Post Fri, May 10 2024, 10:02 am
amother Babypink wrote:
Shame.
Takes all sorts.
Live and let live is the solution in these cases when we're not talking abuse or toxic relationships. Humility and respect for others helps with that


It's not so simple. It has to do alot with extremes, circumstances, communication, alot of big feelings happen. What happens when your twin and best friend suddenly drop out of being a famous soccer player alongside you and become frum and choose a life that's so far away from anything you've ever known?

You've only heard weird things about religous people. Now he tells you he goes to forests for hours and talks to himself and Hashem alone, it's hard to relate and it's not that you hate him, you just slowly stop speaking, because what is there to talk about? Every conversation becomes confusing, he talks about a God you don't believe in, he's political views have gone a 180, it feels like your brother is a different person. Slowly you start to just speak once a month, then once a year, and suddenly you realize you haven't spoken in 3 years. Then 5...

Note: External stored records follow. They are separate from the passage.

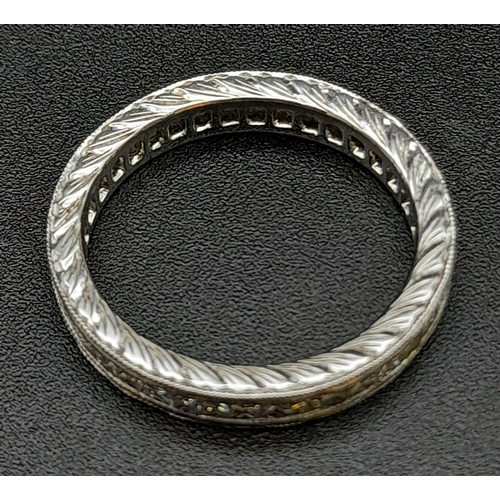 240 - A 9K White Gold Full-Eternity Diamond Ring. Size K. 1ct approx. 2.75g total weight.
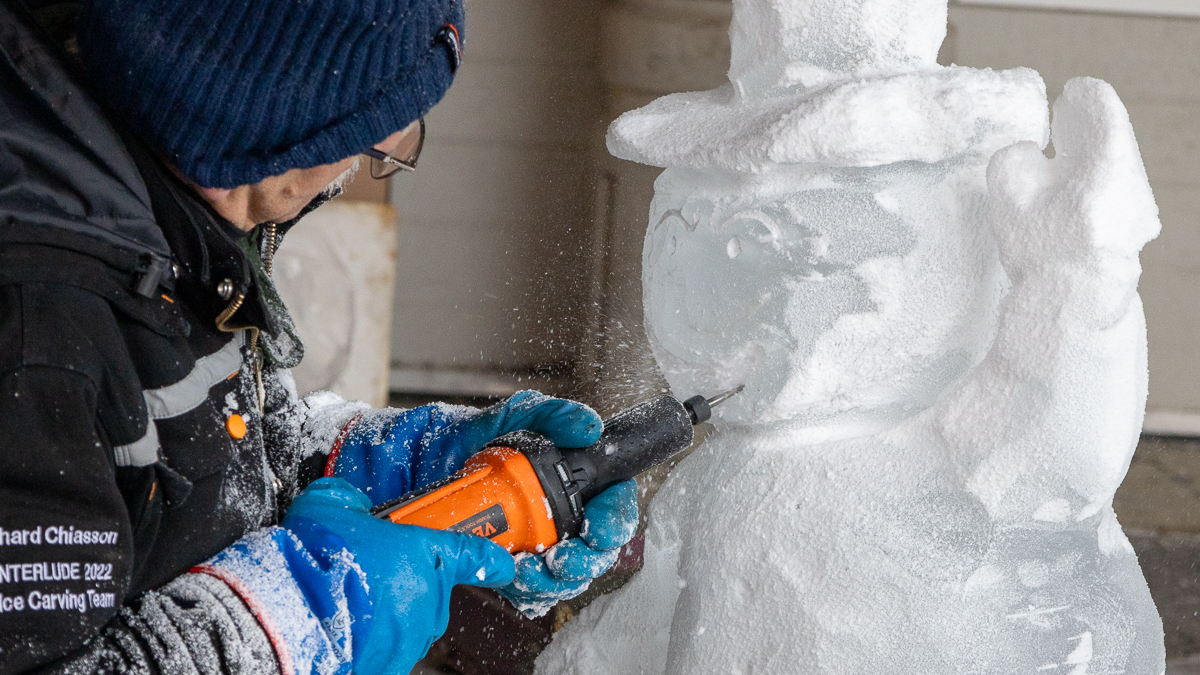 A man carves a smile into a snowman made of ice with a power tool.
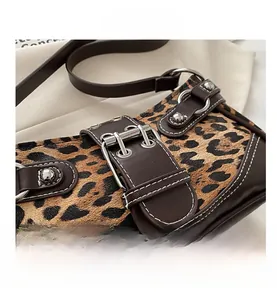 Macro detail of leopard print shoulder bag with silver buckles and contrast stitching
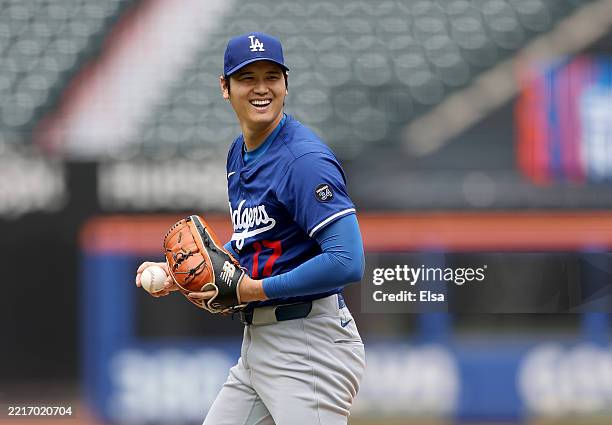 Shohei Ohtani of the Los Angeles Dodgers reacts after a pitch during live batting practice before the game between the New York Mets and the Los...
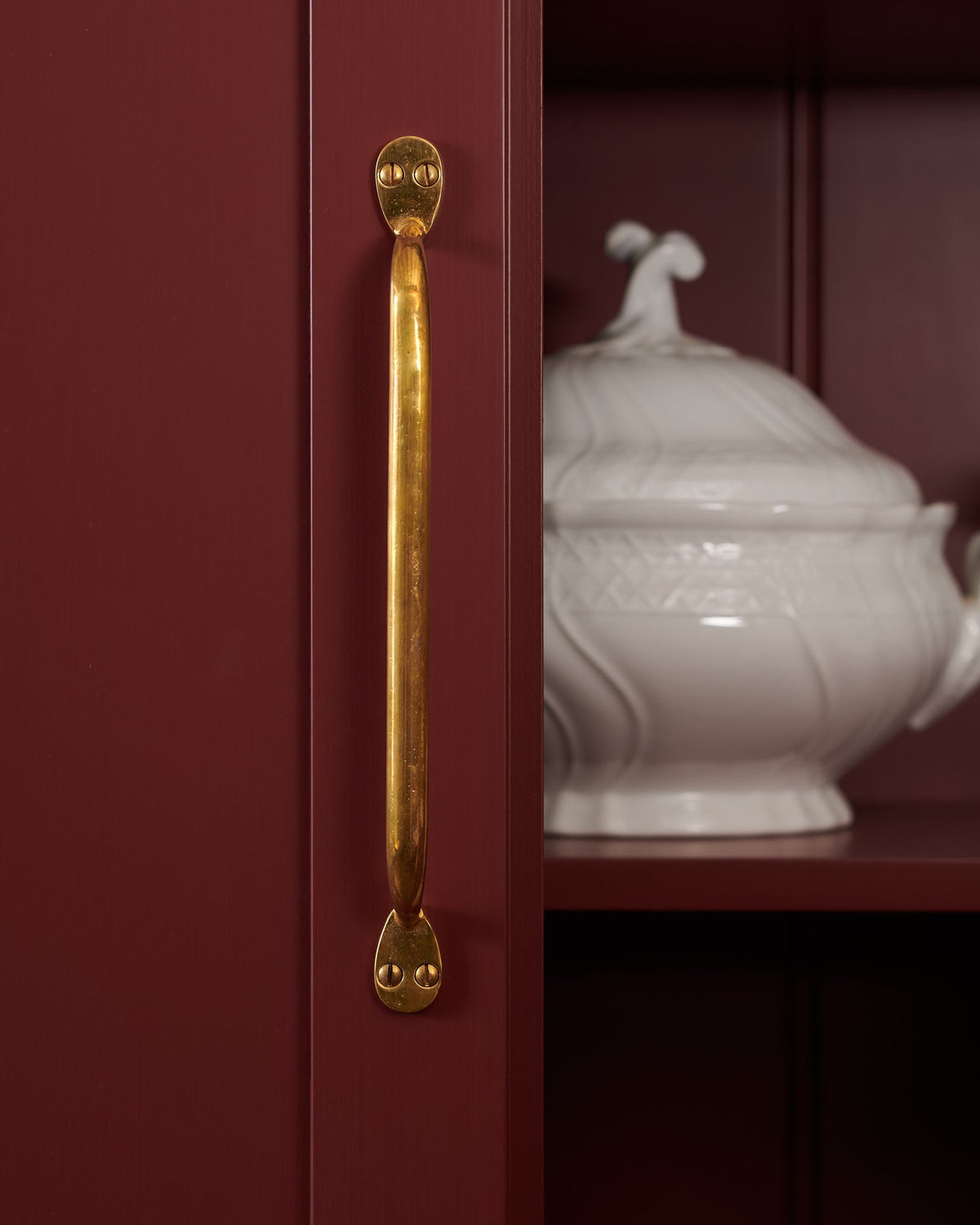 A close-up detailed shot of a large deVOL ‘Pull Handle’, fitted to the door of a maroon-coloured pantry cupboard. The golden ‘Heirloom Brass’ finish reflects the warm tones of the cupboard to create a subtle glow.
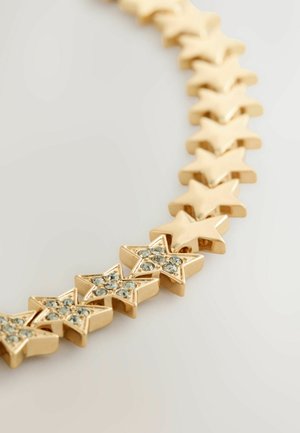 Zelta zvaigzne forma aproce ar dažām zvaigznēm, kuras rotā mazi caurspīdīgi rhinestone akmeņi uz gaiša fona.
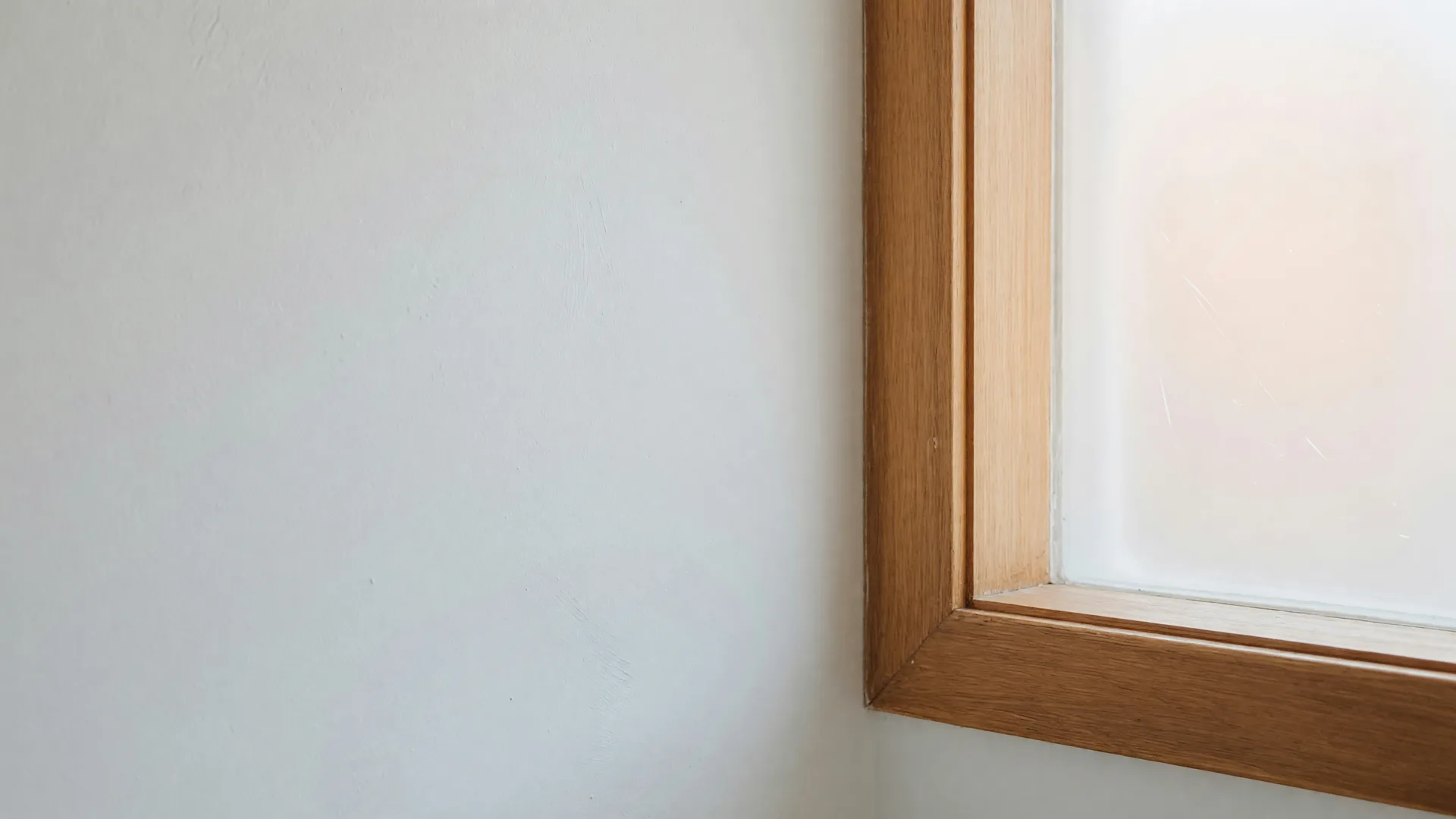 Soft daylight across a freshly painted wall and warm wood trim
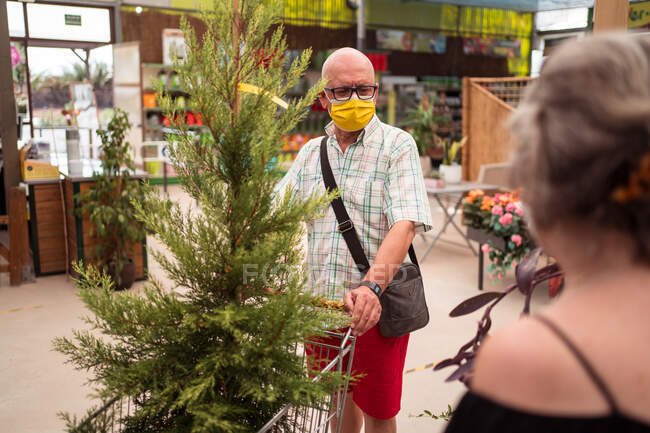 Seniorenkaufmann in steriler Maske mit Nadelbaum im Einkaufswagen sieht Frau in Gartengeschäft unkenntlich — Stockfoto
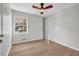 Bright bedroom with a ceiling fan and window showcasing the outdoor view at 2390 Amberbrook Sw Dr, Conyers, GA 30094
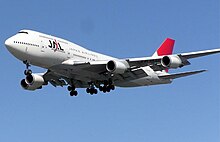 A Boeing 747-400 aircraft in mid-air, with blue sky in the background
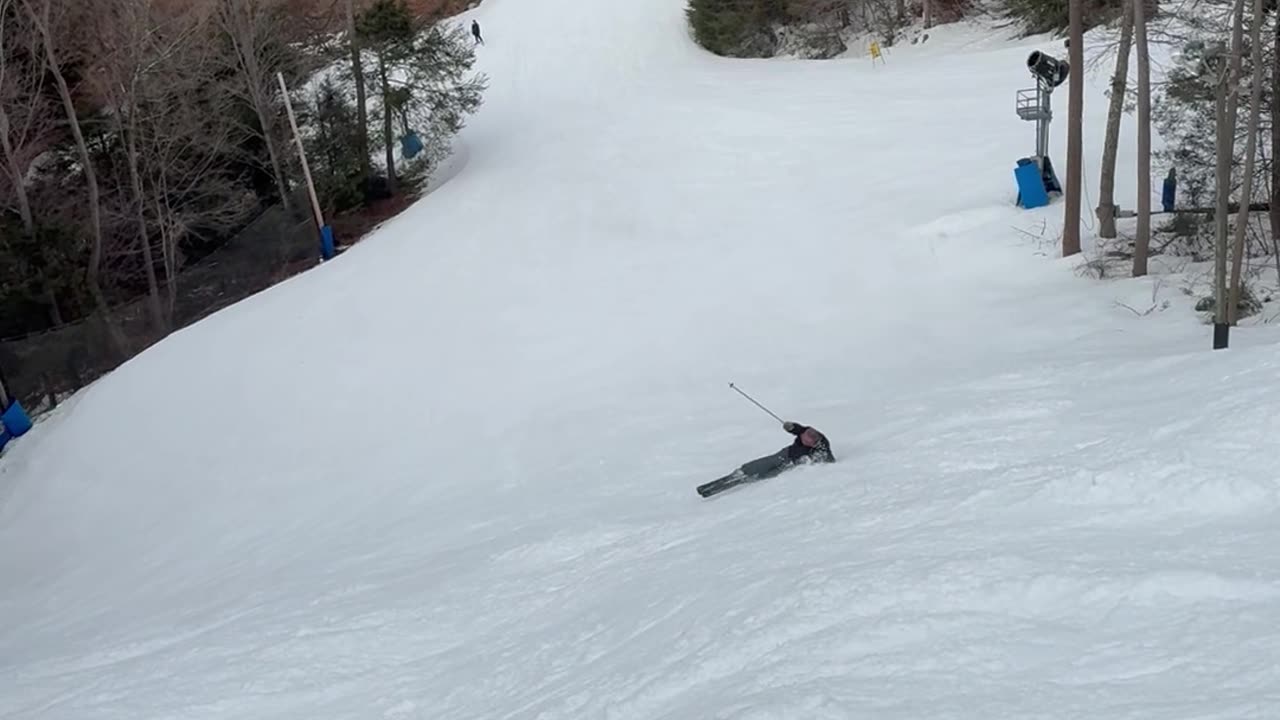 Skiing Father Still Sliding Down Slope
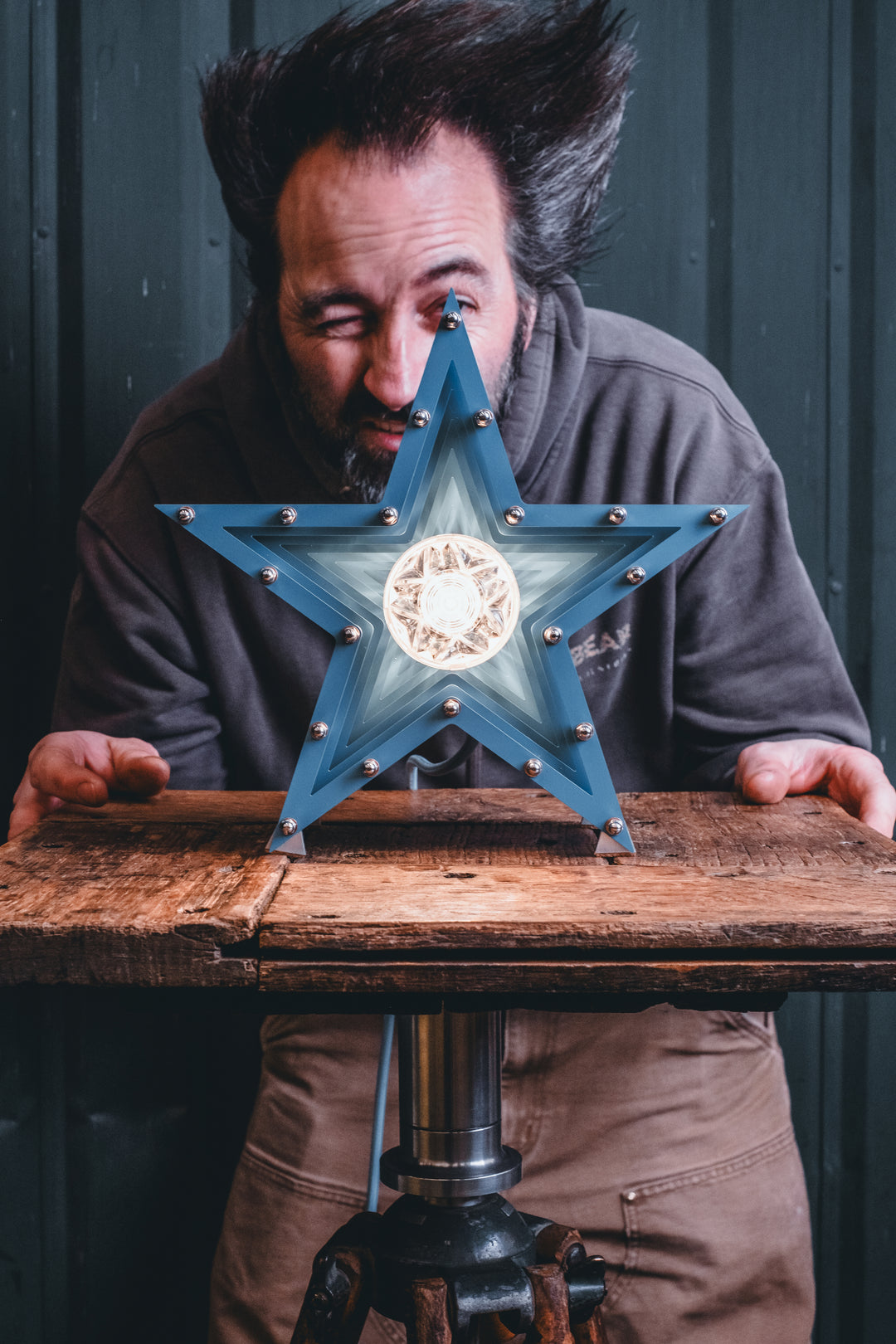 Handcrafted star-shaped lamp in deep blue metal with layered fins and exposed bulb, resting on a rustic wooden surface.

How do you break the ice? How do you just take the courage to call him up? What are you even going to talk about with the blood relative who is literally a different person than you've known your entire life?

This was a story from season 1 if I recall although I'm sure I'm messing up some details since I watched it a few years ago.

So how do you break the ice? Set him up with a religious stranger and have him follow him around for a week, ask him anything he wants, and figure out what's at the root of the lack of connection, what is brothering him, what he wants from life, and how he can find common ground. At the end of the week he meets his brother.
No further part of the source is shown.